Pfizer Medicine Design, Pfizer Ltd., The Portway Building, Granta Park, Cambridge CB21 6GS, UK.
Pfizer Medicinal Sciences, Pfizer Global R&D, Sandwich CT13 9FF, UK.
Bioorg Med Chem. 2019 Jan 1;27(1):230-239. doi: 10.1016/j.bmc.2018.12.002. Epub 2018 Dec 4.

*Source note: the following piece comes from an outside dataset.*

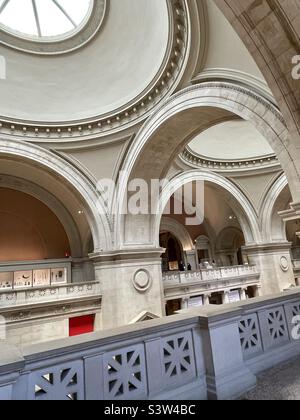 Ein Blick vom Zwischengeschoss des Metropolitan Museum of Art auf die wunderschönen Architekturbögen und das Dachfenster von New York City. Stockfoto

The voltage gated sodium channel Na1.8 has been postulated to play a key role in the transmission of pain signals. Core hopping from our previously reported phenylimidazole leads has allowed the identification of a novel series of benzimidazole Na1.8 blockers. Subsequent optimization allowed the identification of compound 9, PF-06305591, as a potent, highly selective blocker with an excellent preclinical in vitro ADME and safety profile.
电压门控钠离子通道 Na1.8 被认为在疼痛信号的传递中发挥关键作用。从我们之前报道的苯基咪唑先导化合物中进行核心跳跃,鉴定出了一系列新型苯并咪唑 Na1.8 阻断剂。随后的优化工作鉴定出了化合物 9(PF-06305591),它是一种有效的、高度选择性的抑制剂,具有出色的临床前体外 ADME 和安全性特征。